On line early this morning, attempting to educate myself in the fine points of modern-day financial magic tricks, such as usurious sub-prime and adjustible rate mortgage lending; the bundling of such mortgages, then cutting the bundles into pieces and selling those pieces to unsuspecting pension funds as Collateral Debt Obligations; and the complexities of the practice known as "short selling" or "naked short selling." As I learned the basics of these larcenous conceits, I began to feel a familiar fear accompanied by rage rising from the pit of the stomach, to the throat, and on to the brain.
Fear is the most corrosive emotion. However, it's often justified, and it aids us in self-preservation.
The stunned government and toothless regulatory agencies are powerless to stop these destructive, predatory practices, which now threaten to demolish millions of the real lives of real people.

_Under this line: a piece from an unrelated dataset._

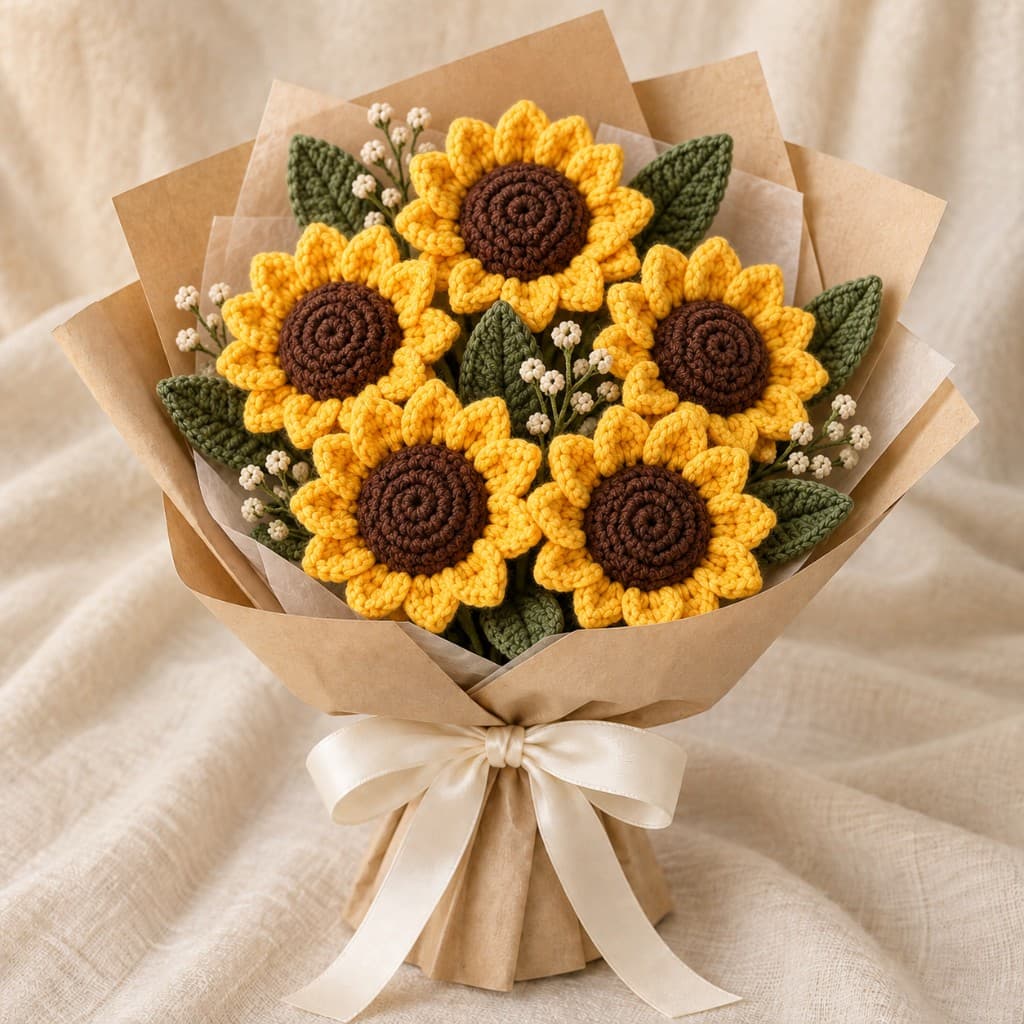 Crochet Sunflower Bouquet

We're at the mercy of enormous destructive forces beyond our control -- or anybody else's control. It's profoundly disturbing, and thinking about these things too intensely for too long will drive a person to madness.
Trying to calm down, I sat cross-legged on the floor of my sister's living room, in a quiet suburban neighborhood on Washington's Olympic Peninsula. As it looks out the window at a cool, overcast day, the eye beholds nothing but dense, profuse greenery. It exudes peace, calm, a moist, quiet wisdom, full of the presence of that which never changes, which is millions of miles and thousands of years above and beyond ARM tranches and CDO's and Wall Street traders who stand to profit in billions by betting that the economic collapse they helped to cause is sure to come.
Which of these worlds is the real world?